Research issues in context-aware retrieval: setting scores and weights on fields

Peter Brown

Department of Computer Science, University of Exeter, Exeter EX4 4QF, UK
P.J.Brown@ex.ac.uk

ABSTRACT

Retrieval operations involve matching fields of documents. Weights can be used to adjust the relative importance of different fields (a multi-field query), and matching-scores can be used to indicate how well fields and documents have been matched. One use of such scores and weights is by pre- and post-processors, which fine tune how the matching is performed and what is presented to the user.
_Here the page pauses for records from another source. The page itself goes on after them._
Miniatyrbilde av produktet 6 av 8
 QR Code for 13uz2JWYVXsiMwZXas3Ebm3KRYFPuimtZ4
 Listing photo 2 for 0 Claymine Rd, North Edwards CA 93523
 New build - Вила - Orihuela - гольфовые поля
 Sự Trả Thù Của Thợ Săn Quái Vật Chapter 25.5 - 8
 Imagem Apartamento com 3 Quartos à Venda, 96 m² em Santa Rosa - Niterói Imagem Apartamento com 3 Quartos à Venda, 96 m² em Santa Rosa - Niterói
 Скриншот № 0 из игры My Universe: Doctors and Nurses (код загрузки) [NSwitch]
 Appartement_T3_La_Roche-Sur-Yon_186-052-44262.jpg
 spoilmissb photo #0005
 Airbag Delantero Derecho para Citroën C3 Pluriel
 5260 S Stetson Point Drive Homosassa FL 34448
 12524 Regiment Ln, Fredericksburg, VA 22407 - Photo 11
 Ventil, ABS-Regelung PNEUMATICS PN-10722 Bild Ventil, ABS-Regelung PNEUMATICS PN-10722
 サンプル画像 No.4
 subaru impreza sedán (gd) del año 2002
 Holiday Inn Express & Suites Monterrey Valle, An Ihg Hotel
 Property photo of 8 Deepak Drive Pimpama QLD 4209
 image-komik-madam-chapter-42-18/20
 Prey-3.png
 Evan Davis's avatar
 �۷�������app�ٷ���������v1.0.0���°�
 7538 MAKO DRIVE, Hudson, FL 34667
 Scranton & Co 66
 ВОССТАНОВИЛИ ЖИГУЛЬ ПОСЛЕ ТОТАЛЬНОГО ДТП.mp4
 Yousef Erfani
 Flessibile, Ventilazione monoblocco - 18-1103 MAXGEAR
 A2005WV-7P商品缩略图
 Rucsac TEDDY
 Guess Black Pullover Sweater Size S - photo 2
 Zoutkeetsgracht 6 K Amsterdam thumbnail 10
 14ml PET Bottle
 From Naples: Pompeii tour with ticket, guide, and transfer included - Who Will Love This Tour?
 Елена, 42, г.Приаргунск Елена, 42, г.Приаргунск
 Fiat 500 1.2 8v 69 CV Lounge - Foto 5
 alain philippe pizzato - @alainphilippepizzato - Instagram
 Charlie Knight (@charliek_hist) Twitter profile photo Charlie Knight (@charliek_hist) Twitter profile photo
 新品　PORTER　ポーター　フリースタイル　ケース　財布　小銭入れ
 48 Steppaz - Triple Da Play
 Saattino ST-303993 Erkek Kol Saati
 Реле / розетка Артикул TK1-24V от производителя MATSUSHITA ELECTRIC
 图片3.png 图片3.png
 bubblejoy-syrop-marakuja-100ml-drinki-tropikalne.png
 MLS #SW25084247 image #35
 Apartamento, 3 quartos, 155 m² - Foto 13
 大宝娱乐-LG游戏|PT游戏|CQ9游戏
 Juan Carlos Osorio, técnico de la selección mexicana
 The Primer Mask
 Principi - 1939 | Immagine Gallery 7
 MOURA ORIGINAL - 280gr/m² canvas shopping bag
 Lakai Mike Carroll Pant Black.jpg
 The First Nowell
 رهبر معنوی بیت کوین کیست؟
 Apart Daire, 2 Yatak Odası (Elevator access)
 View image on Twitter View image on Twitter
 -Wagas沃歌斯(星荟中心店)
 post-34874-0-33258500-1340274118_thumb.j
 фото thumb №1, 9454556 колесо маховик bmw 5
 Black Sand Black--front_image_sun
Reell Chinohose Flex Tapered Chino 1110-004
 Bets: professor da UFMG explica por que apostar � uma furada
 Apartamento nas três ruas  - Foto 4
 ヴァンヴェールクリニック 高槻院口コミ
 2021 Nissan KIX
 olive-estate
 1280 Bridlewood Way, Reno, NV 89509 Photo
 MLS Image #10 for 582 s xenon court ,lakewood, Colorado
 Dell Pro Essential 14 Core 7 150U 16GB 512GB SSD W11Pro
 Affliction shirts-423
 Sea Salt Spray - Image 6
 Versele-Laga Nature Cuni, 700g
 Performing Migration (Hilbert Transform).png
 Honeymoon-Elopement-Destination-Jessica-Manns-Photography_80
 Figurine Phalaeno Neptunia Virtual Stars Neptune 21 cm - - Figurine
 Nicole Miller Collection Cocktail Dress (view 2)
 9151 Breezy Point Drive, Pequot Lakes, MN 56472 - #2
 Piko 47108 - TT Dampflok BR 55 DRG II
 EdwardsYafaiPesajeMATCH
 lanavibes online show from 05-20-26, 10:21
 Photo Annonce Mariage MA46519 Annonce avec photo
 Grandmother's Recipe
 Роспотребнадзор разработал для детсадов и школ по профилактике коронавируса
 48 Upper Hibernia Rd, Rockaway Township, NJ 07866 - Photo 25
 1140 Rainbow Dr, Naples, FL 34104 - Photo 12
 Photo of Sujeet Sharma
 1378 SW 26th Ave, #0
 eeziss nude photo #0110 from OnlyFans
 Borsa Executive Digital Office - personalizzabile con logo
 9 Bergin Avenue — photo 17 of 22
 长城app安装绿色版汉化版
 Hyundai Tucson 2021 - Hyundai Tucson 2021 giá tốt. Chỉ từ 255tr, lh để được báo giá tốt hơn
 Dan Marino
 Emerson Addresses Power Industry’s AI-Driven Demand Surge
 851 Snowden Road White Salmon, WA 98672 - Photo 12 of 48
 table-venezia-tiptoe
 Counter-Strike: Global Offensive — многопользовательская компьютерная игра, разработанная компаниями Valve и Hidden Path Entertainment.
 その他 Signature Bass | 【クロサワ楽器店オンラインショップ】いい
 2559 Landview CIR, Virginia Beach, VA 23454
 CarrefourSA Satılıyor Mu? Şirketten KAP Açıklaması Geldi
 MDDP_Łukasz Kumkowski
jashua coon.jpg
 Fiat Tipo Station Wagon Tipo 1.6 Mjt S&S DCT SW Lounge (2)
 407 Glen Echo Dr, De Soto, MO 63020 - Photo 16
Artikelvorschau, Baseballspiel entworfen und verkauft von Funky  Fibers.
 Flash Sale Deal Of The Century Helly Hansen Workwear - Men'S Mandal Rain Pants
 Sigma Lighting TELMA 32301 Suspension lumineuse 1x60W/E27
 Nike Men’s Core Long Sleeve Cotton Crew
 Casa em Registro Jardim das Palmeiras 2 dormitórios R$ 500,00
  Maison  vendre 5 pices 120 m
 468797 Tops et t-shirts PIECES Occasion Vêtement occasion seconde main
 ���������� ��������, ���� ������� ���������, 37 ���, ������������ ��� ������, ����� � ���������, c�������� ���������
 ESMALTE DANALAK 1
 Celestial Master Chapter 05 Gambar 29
This paper consists of rough notes and thoughts about how a scoring/weighting system might work. As ideas harden this paper should evolve into a specification.

Some basic assumptions

The following are our basic assumptions. Retrieval involves matching each document in a document collection against the user's current context (in previous documentation the current context was called the "present context"). The current context is like each document in the collection, being a collection of fields. Each field is a name/value pair. Values may be numbers, 2D locations, 3D locations, strings, images, etc. Retrieval may be proactive (driven by a document) or interactive (driven by the current context). The query is derived from fields of the document, or, in the interactive case, from the current context. In the proactive case the fields to be used may be selected dynamically (e.g. "use the Location and Temperature fields from now on"; this means that the retrieval queries would be derived from the Location and Temperature fields of each document in the collection).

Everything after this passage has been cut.